◆ **Assigned task**
Where the listing below reaches the line containing "Vintage Boho Bags", start writing out lines exactly, and stop once the line containing "Thumbnail: 2012 Hyundai Sonata - 14" has been written.

◆ **Material for this task**

- - - - -

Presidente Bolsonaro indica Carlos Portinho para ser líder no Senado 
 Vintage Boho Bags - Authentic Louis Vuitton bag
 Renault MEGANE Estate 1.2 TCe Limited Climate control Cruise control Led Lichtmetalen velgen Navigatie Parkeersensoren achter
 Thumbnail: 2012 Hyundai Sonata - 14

- - - - -

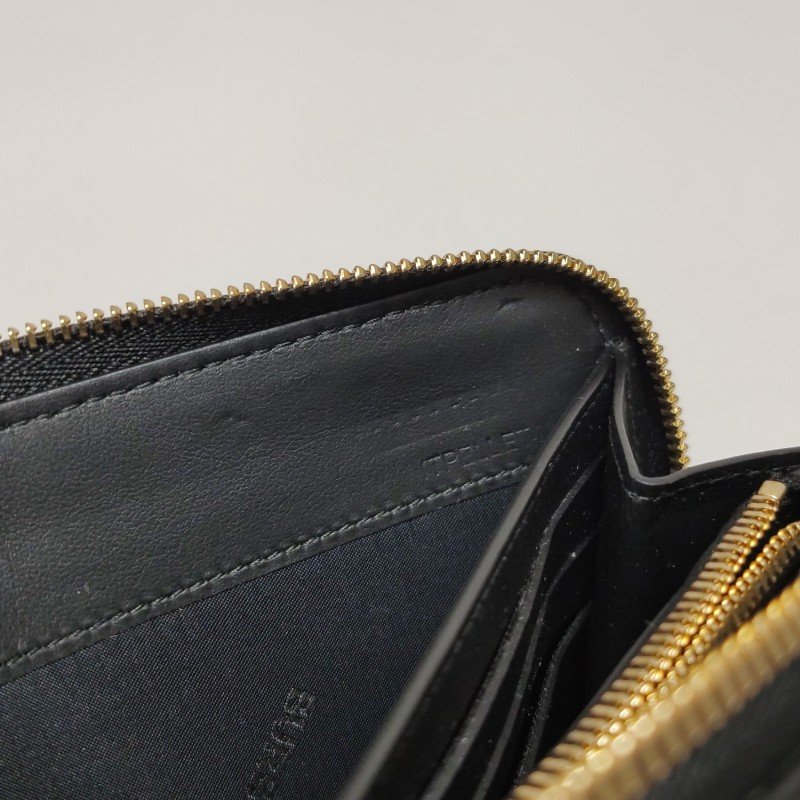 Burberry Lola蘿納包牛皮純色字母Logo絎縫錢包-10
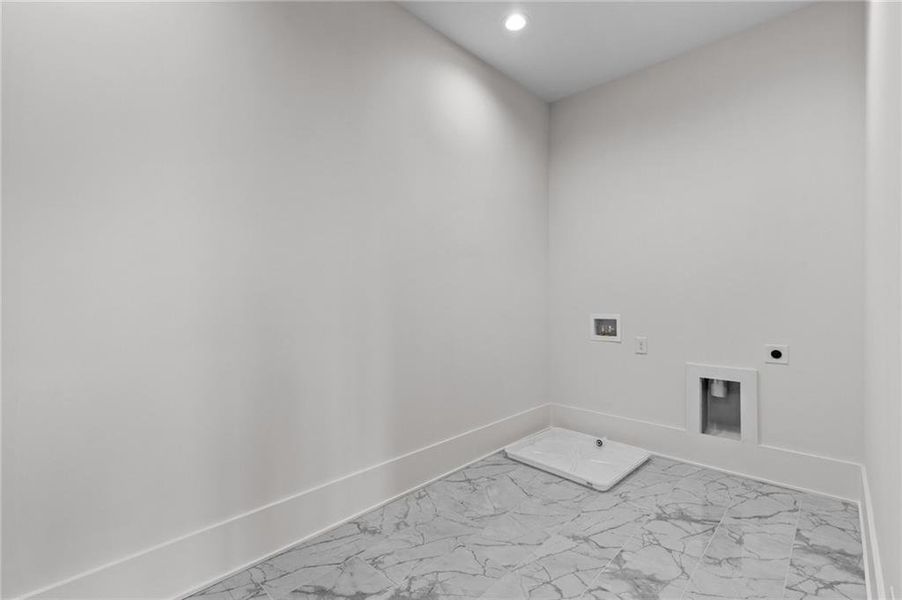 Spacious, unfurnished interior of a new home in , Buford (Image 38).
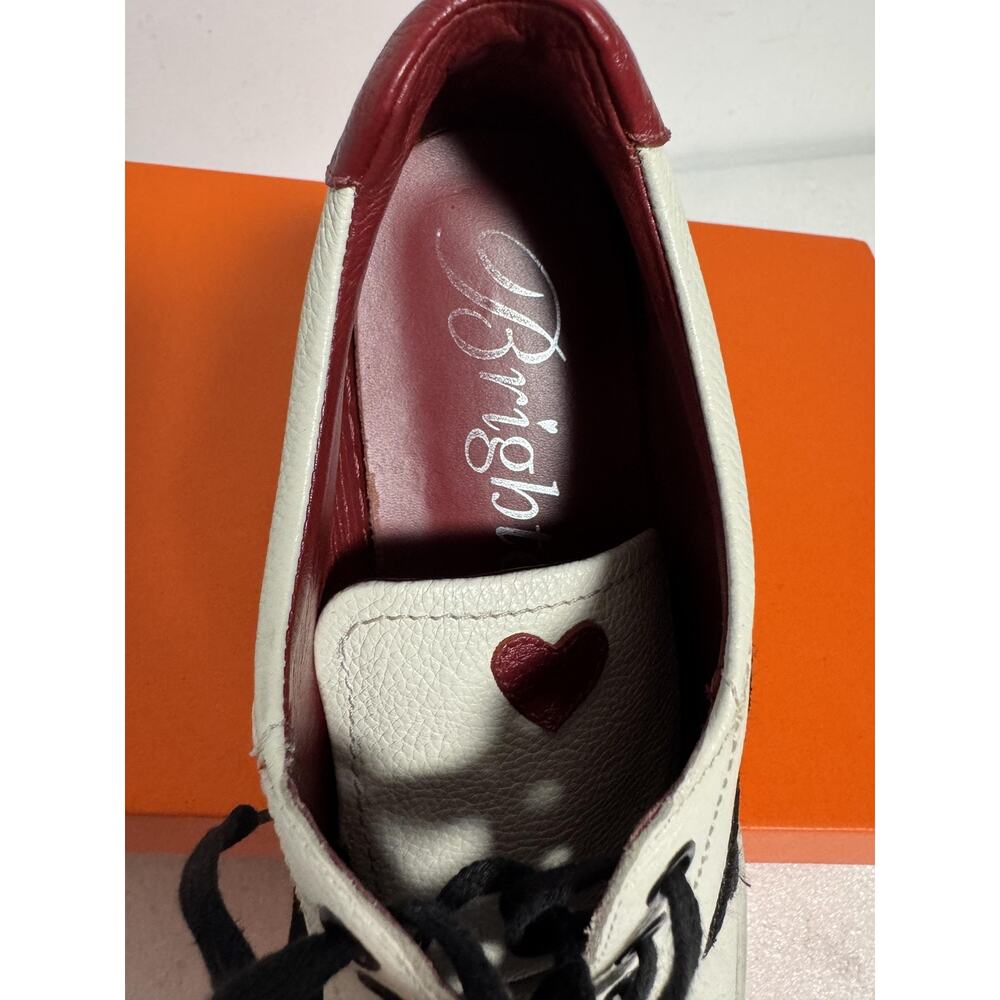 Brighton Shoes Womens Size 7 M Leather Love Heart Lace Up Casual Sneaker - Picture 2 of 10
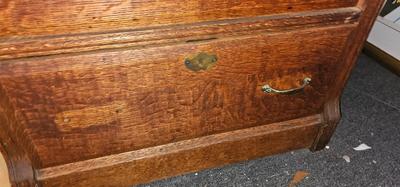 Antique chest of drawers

- - - - -

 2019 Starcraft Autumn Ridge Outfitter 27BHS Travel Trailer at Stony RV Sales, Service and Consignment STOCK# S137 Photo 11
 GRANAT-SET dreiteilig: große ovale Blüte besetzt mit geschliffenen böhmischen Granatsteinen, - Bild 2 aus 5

- - - - -

◆ **Expected answer**
 Vintage Boho Bags - Authentic Louis Vuitton bag
 Renault MEGANE Estate 1.2 TCe Limited Climate control Cruise control Led Lichtmetalen velgen Navigatie Parkeersensoren achter
 Thumbnail: 2012 Hyundai Sonata - 14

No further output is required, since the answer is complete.